El bolso seguía allí, sobre la mesa. Maigret parecía pensar en otra cosa.
-¿Detenerme en virtud de qué?
-De una orden de extradición...
Entonces la mano de d'Oulmont alcanzó el bolso. Luego, de repente, el joven se incorporó, apuntó sobre Maigret un revólver y...
-He ahí uno que no irá al paraíso -farfulló.
Una detonación. Maigret seguía de pie, con las manos en los bolsillos. Jehan, con el revólver en la mano, se asustaba. Los bailarines huían. El habitual maremágnum...
-¿Comprende? -decía Maigret al jefe de la Sûreté de Bruselas-. Yo carecía de pruebas. ¡Sólo tenía indicios! Y lo sabía tan inteligente como yo... Que había matado a su tío, yo era incapaz de demostrarlo. Y sin duda hubiese escapado al castigo si...
-¿Si...?
-Si no hubiese sido antiguo estudiante de Derecho y si la pena de muerte hubiese existido realmente en Bélgica... Me explico... En Francia, mató a su tío por necesidad de dinero... Sabía que allí su cabeza estaba en juego... Refugiado en Bruselas, está seguro de la extradición si el crimen llega a ser probado... ¡Y yo continúo detrás de él!

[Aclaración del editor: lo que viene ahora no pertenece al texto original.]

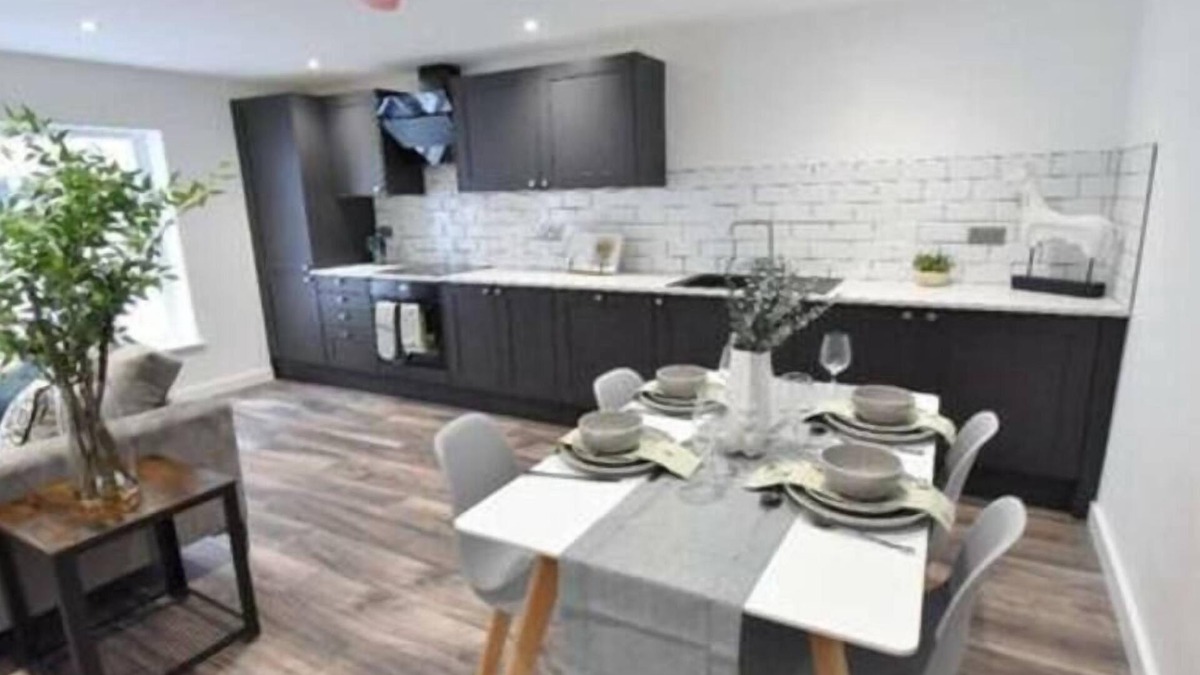 North Sea Apartment | Centre Apt in Hull - Sleeps 4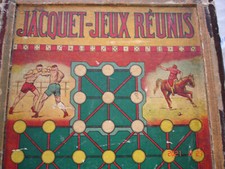 Ancienne Boite en Bois de Jeu
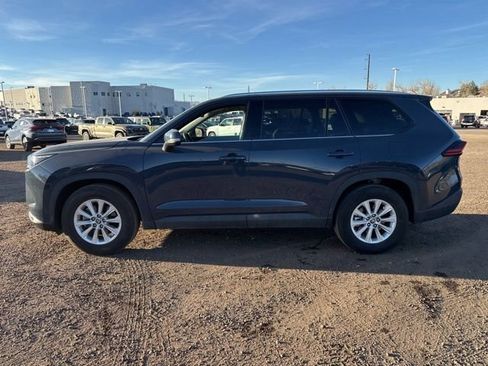 Used 2025 Toyota Grand Highlander AWD image 2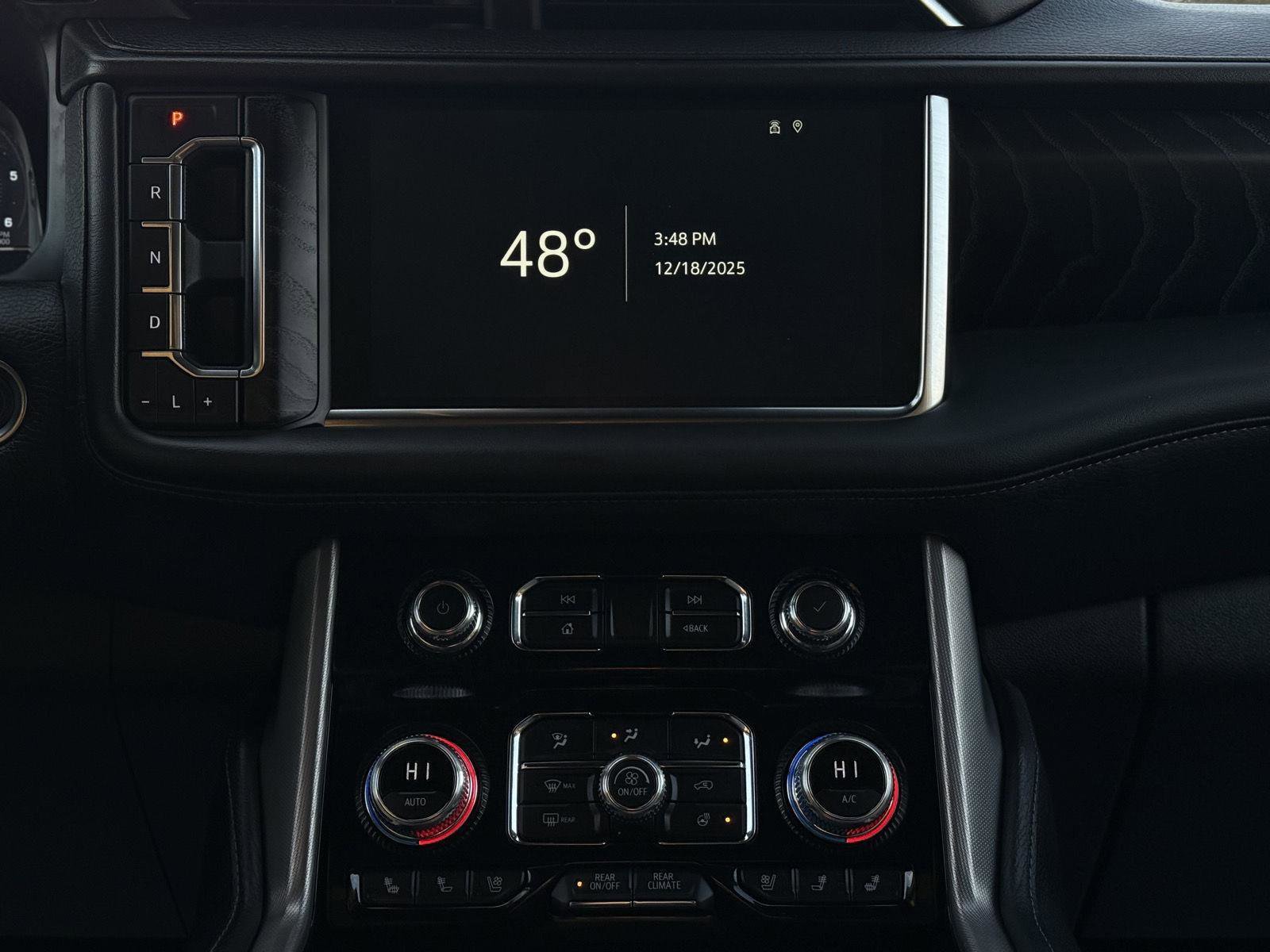 Used 2024 GMC Yukon Denali w/ Denali Reserve Package image 22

Dicho de otra forma, tal vez tengo indicios o pruebas... No tiene salvación... O más bien sí... Una cosa puede salvarlo de la guillotina, una cosa que ya salvó al asesino Danse... El que comete una nueva muerte, antes de efectuarse la extradición, será juzgado por la Justicia belga, que no conoce la pena de muerte, pero que lo enviará a la cárcel para el resto de sus días...
Este es el dilema en el que he querido arrinconarlo siguiéndolo paso a paso. Carecía de arma. El gesto de su amante, esta noche, mientras la pareja estaba en las últimas, me ha hecho ver que habían conseguido, gracias a la complicidad de un antiguo camarada, procurarse una, que se encuentra en el bolso.
Durante el baile, un agente ha cambiado el revólver cargado de balas por uno cargado con salvas...
Luego el arresto...
Jehan d'Oulmont, asustado, que se juega la cabeza, prefiere cadena perpetua en Bélgica y dispara...
¿Comprende?".
¡Había comprendido, sí! Había comprendido que un segundo crimen salvaba la vida al asesino del anciano conde d'Oulmont.
Por lo demás, la sonrisa sarcástica del joven proclamaba:
-¡Ya ve como no tendrá mi cabeza!
-¡Su cabeza, no! ¡Lo que no impide que ya no pueda hacer daño!
¡Y que, por fin, Maigret tenía derecho a pensar en otra cosa!